May 1998

Hello again.

Back once more, I would like to say firstly thank-you to everyone who sent me mail. It has been good to read and reply to all of those messages, and a few points were brought up that I'd like to talk about. I'd also like to apologize to all those who I didn't reply to -- I deleted a batch of messages that hadn't been read by accident, and couldn't find any way to get them back. To all those people, I'd also like to say thanks.

This month, I would like to talk about what quite a few people said in their messages, along the lines of 'you were awfully young to do something like that'. I really don't want to sound rude, but I don't see a difference in wanting to die because you feel there is nothing to live for at 14 or at 40. True, many would say that at 40, you may have exhausted all possibilities for happiness, but at 14, no-one would think about that because it seems like a stupid thing. I felt like there was nothing left, so I was ready to kill myself. No, that's a lie. I didn't in my heart really want to die. I wanted to find something to live for. I wanted to die old and happy. I still do, but, when you think things are at rock-bottom, you don't stop to think about the future. You opt for the quickest, most painless and thorough method. Death.

Leading on from that subject of 'awfully young', what would happen if I went downstairs as soon as I finish writing this column, and said 'Mum, I'm gay', or 'Dad, I'm gay'. I'm trying to escape from the obvious- i.e. 'you freak' or they say 'at 16, you leave this house' or maybe our conversations never get past the necessary 'pass the salt, bring the washing down'. I'm going to work on that extremely unlikely idea that they would accept it (by accepting, I mean I can leave the room unaided and not crying). They would probably say 'you are awfully young, give it a few years', or 'you're too young to know for sure'. So patronizing, isn't it. They think that in a few years I'm suddenly going to be attracted to women. They have a vain hope that I will turn out to be 'normal' in their eyes. If I was straight, would there be any real problems about me knowing I was straight from my age? No.

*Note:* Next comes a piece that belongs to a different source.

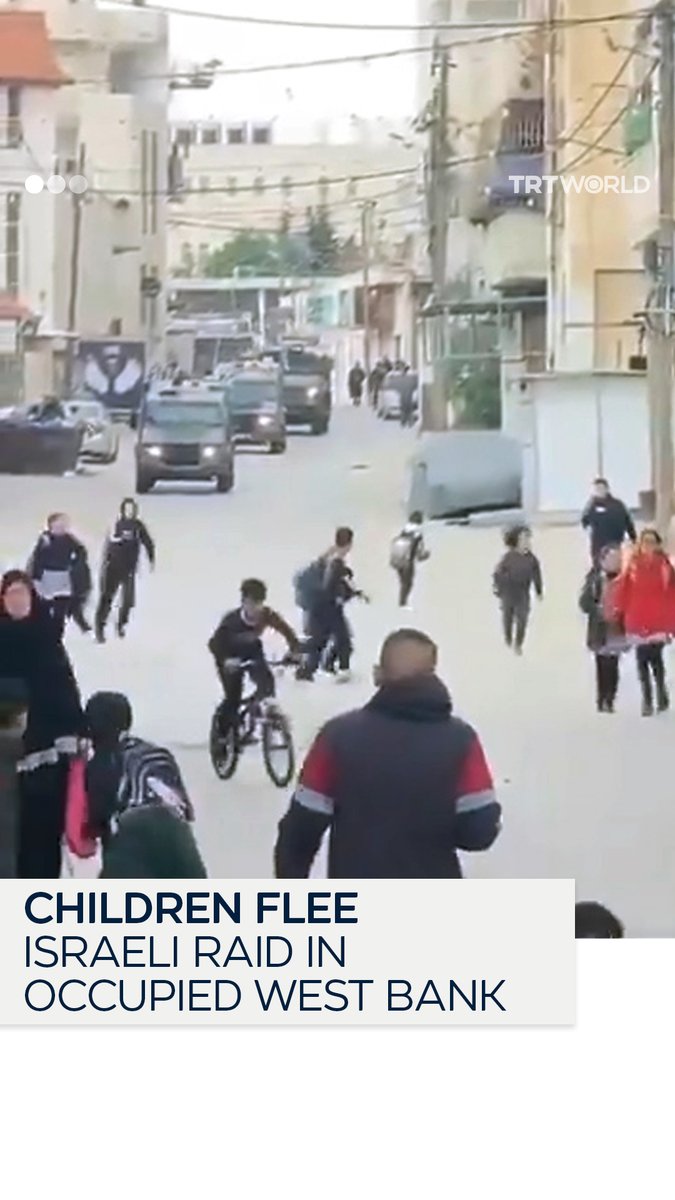 Palestinian children run in fear as Israeli vehicles storm Al-Fawwar refugee camp during a raid in Hebron, in the occupied West Bank, on April 13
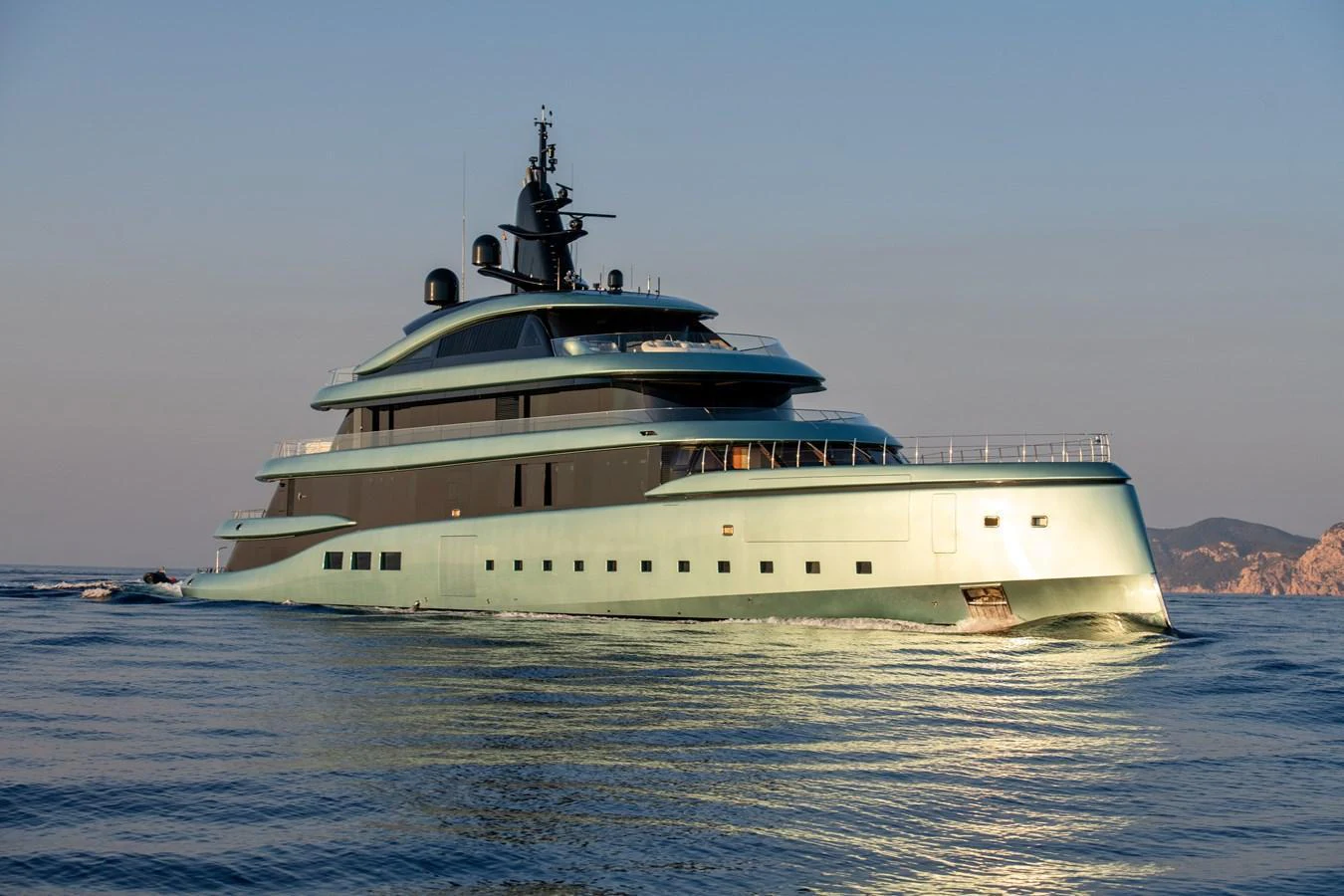A sleek and modern yacht glides gracefully on calm waters, showcasing its elegant design. aboard KENSHO Yacht for Sale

I'd guess that all parents would have that thought, 'maybe he/she's straight. Maybe he/she'll find a nice wife/husband and get married', even if they seem to be supportive. I know, that is taking the obvious and treating it like a revelation, but, it's a valid point. I just think it'd be nice if we could be accepted and not changed. That's what I'm going to ask Santa for this Christmas.

Oh, I forgot. I stopped believing in Santa when I was seven. Says a lot, doesn't it?